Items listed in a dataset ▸
....................

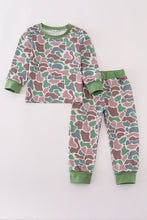 Load image into Gallery viewer, Camouflage print pants set
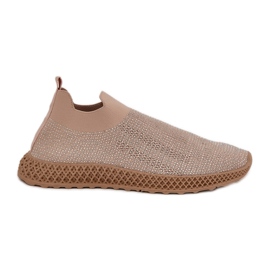 S.Barski Scarpe sportive da donna slocate con TW121 beige
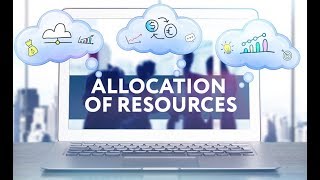 What is RESOURCE ALLOCATION What does RESOURCE ALLOCATION mean by Fahad ali commerce faculty [upl. by Inalem]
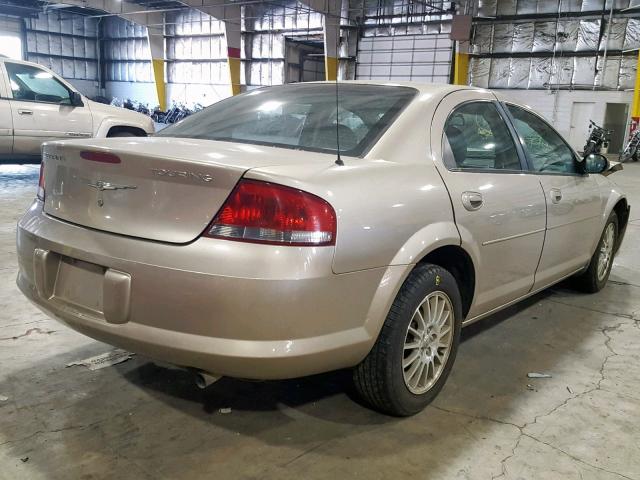 1C3EL56R04N392538 - 2004 CHRYSLER SEBRING LX TAN photo 4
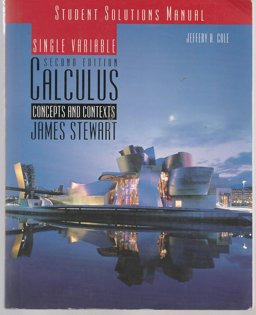 Single Variable Calculus Concepts and Contexts 2nd 9780534379230 Front Cover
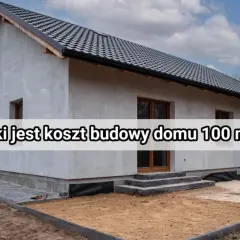 Nowy dom w stanie surowym, z pytaniem "Jaki jest koszt budowy domu 100 m²?".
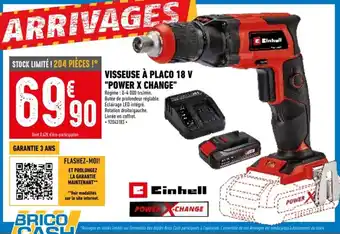VISSEUSE À PLACO 18 V "POWER X CHANGE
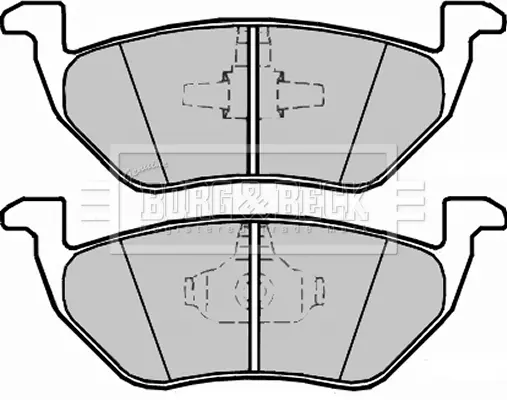 комплект спирачно феродо, дискови спирачки BORG & BECK         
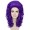 Women Troll Long Curly Wig Purple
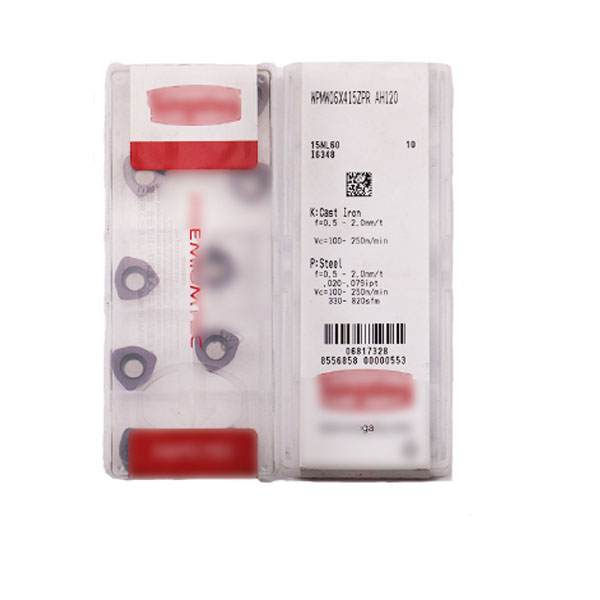 Tungaloys CNC Machine Cast Iron Milling Carbide Inserts Wpmw06X415zpr Ah120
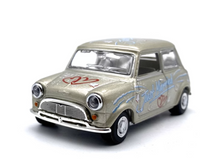 Load image into Gallery viewer, 1:43 Mini Copper Gold Just Married Classic Model Diecast Metal Car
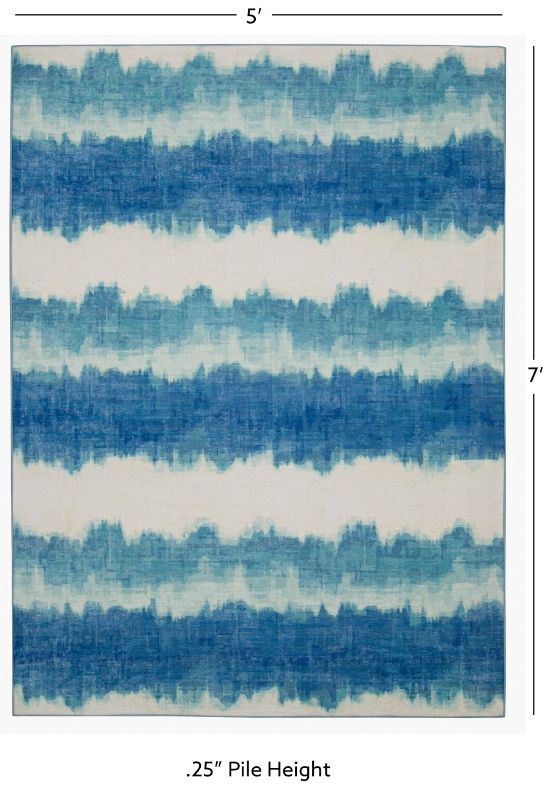 Linon Outdoor Washable Apopka 5'x7' Area Rug-2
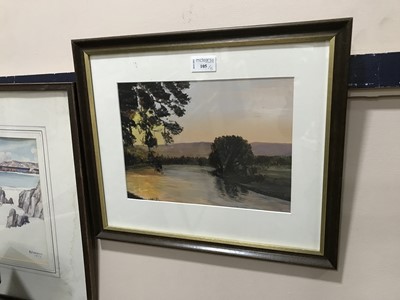 Lot 105 - A WATERCOLOUR BY ROBERT EADIE RSW AND OTHER PAINTINGS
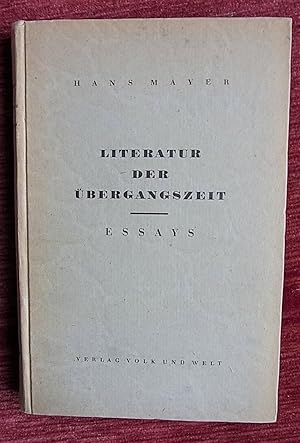 Literatur der Übergangszeit. Essays.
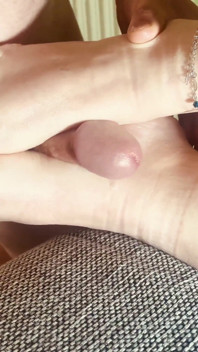 Fetiche casero de pies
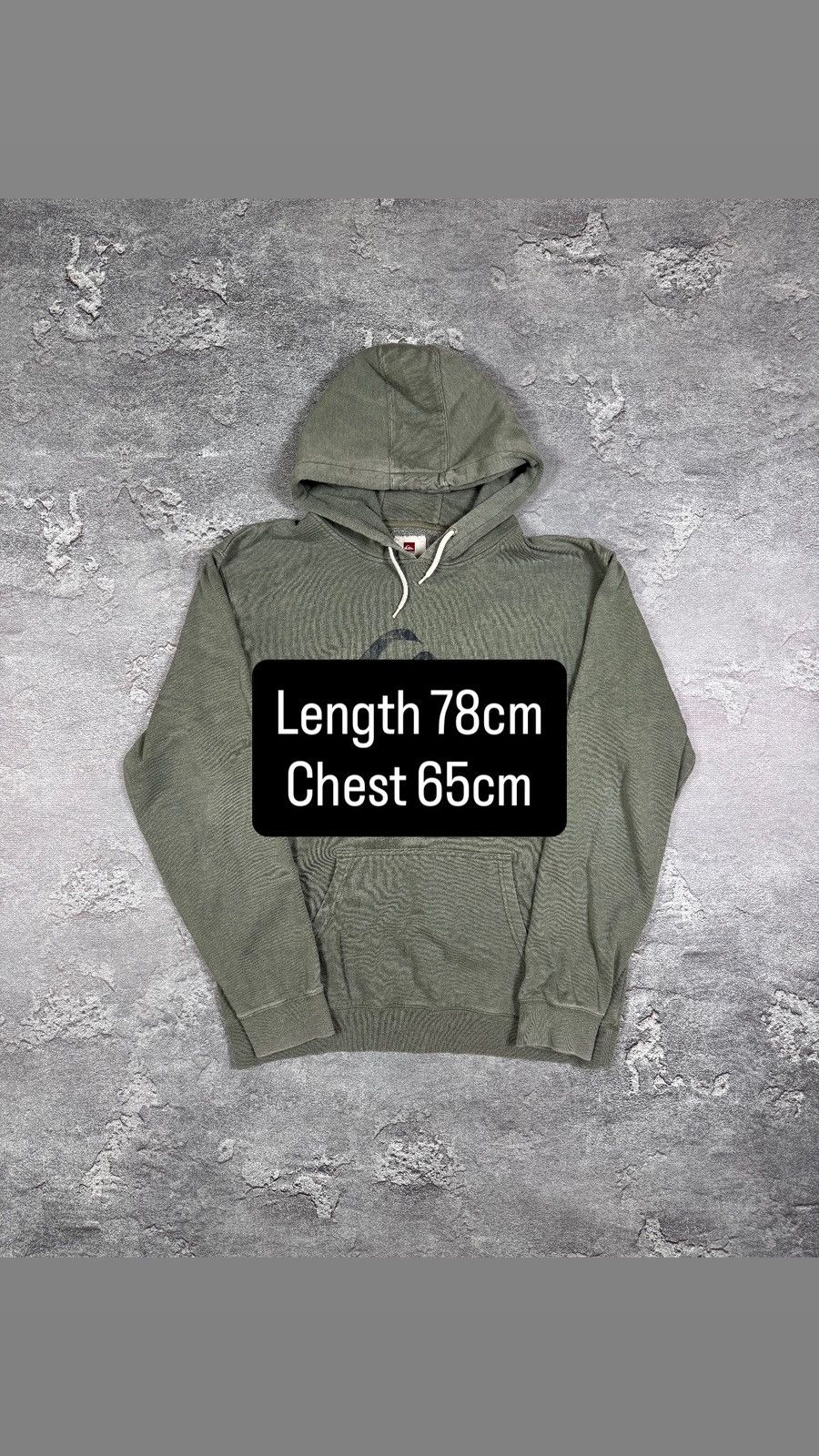 Quiksilver Quiksilver Logo Khaki Hoodie Size XL USA Streetwear Size US XL / EU 56 / 4 - 2 Thumbnail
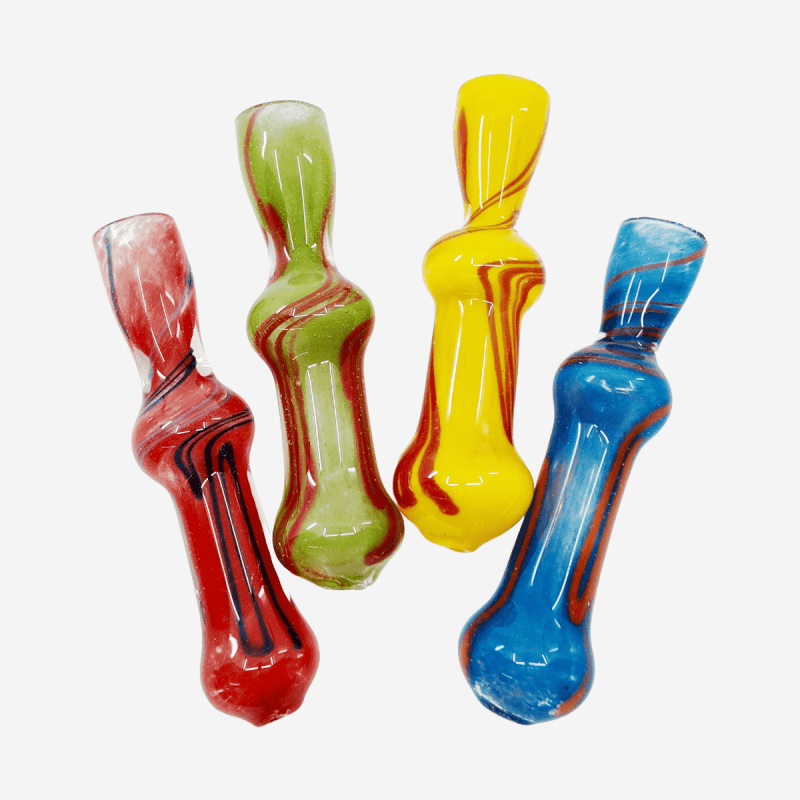 FRIT SMOKING CHILLUMS MIXED COLORS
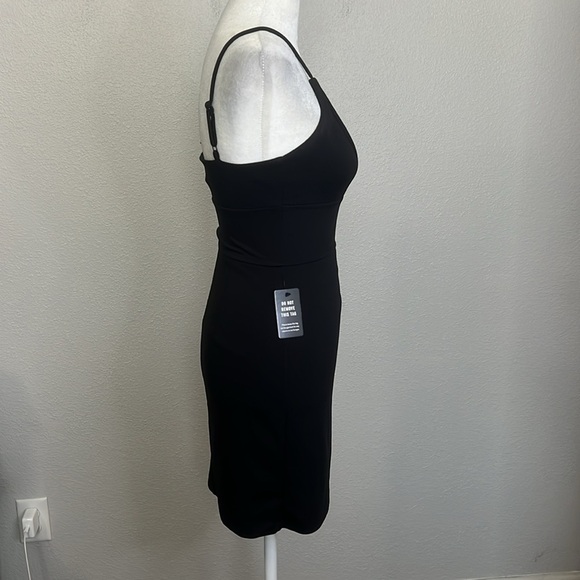 Express Spaghetti Strap Pencil Dress Black Size XXS NWT - Picture 3 of 9
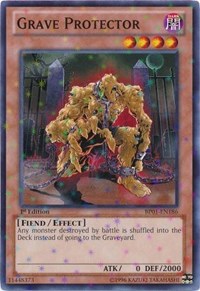 Grave Protector [BP01-EN186] Starfoil Rare | Play N Trade Winnipeg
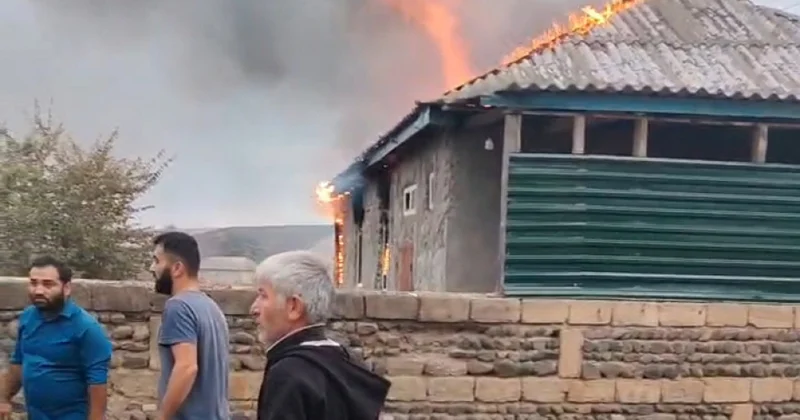 Cəlilabadda fərdi yaşayış evində yanğın olub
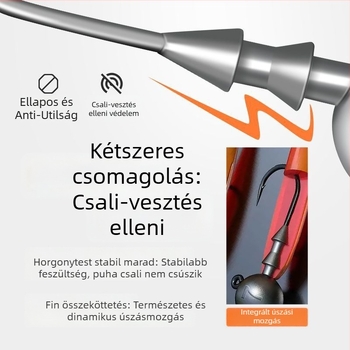 Ólomsúlyú horog – 50 darab, tüskével, basszhoz és mandarin halhoz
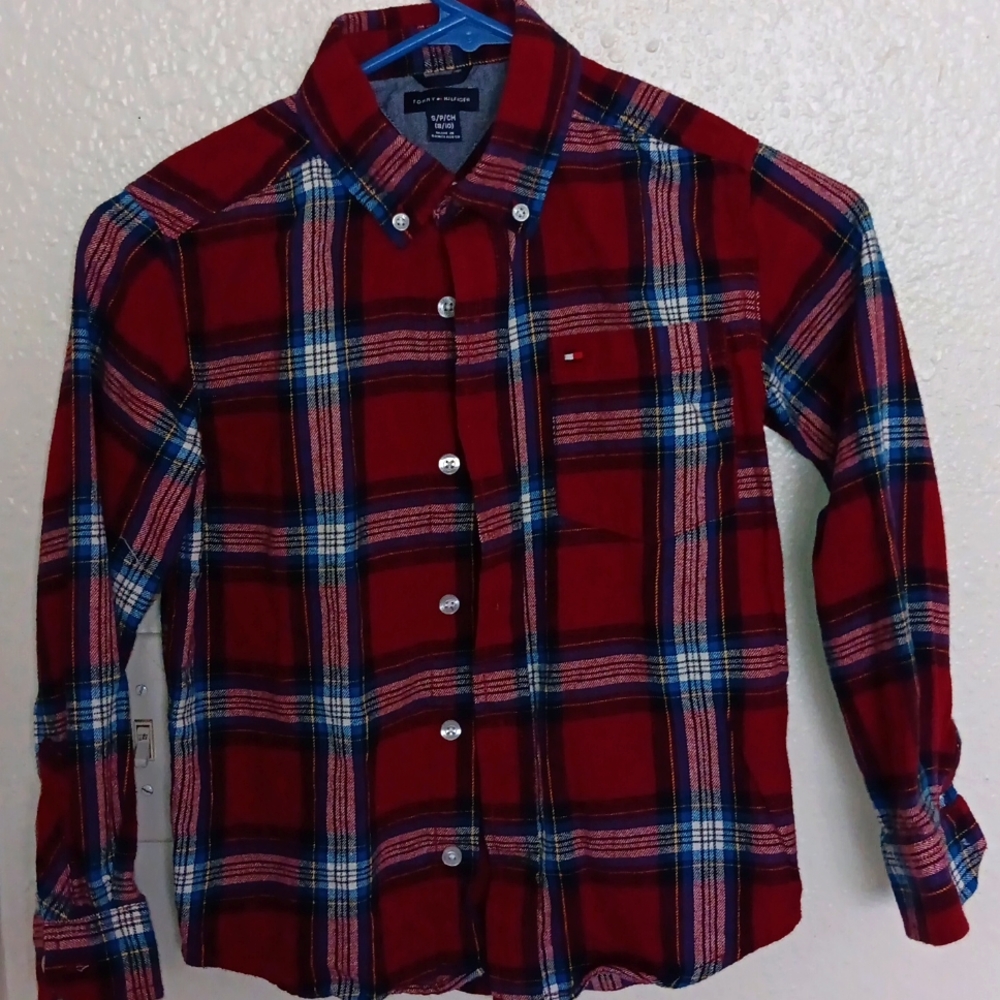 Boys Flannnel Long sleeve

....................

Without the pictures, return all the records precisely as they stand.

 Load image into Gallery viewer, Camouflage print pants set
 S.Barski Scarpe sportive da donna slocate con TW121 beige
 What is RESOURCE ALLOCATION What does RESOURCE ALLOCATION mean by Fahad ali commerce faculty [upl. by Inalem]
 1C3EL56R04N392538 - 2004 CHRYSLER SEBRING LX TAN photo 4
 Single Variable Calculus Concepts and Contexts 2nd 9780534379230 Front Cover
 Nowy dom w stanie surowym, z pytaniem "Jaki jest koszt budowy domu 100 m²?".
VISSEUSE À PLACO 18 V "POWER X CHANGE
 комплект спирачно феродо, дискови спирачки BORG & BECK         
 Women Troll Long Curly Wig Purple
 Tungaloys CNC Machine Cast Iron Milling Carbide Inserts Wpmw06X415zpr Ah120
 Load image into Gallery viewer, 1:43 Mini Copper Gold Just Married Classic Model Diecast Metal Car
 Linon Outdoor Washable Apopka 5'x7' Area Rug-2
 Lot 105 - A WATERCOLOUR BY ROBERT EADIE RSW AND OTHER PAINTINGS
 Literatur der Übergangszeit. Essays.
 Fetiche casero de pies
 Quiksilver Quiksilver Logo Khaki Hoodie Size XL USA Streetwear Size US XL / EU 56 / 4 - 2 Thumbnail
 FRIT SMOKING CHILLUMS MIXED COLORS
 Express Spaghetti Strap Pencil Dress Black Size XXS NWT - Picture 3 of 9
 Grave Protector [BP01-EN186] Starfoil Rare | Play N Trade Winnipeg
 Cəlilabadda fərdi yaşayış evində yanğın olub
 Ólomsúlyú horog – 50 darab, tüskével, basszhoz és mandarin halhoz
 Boys Flannnel Long sleeve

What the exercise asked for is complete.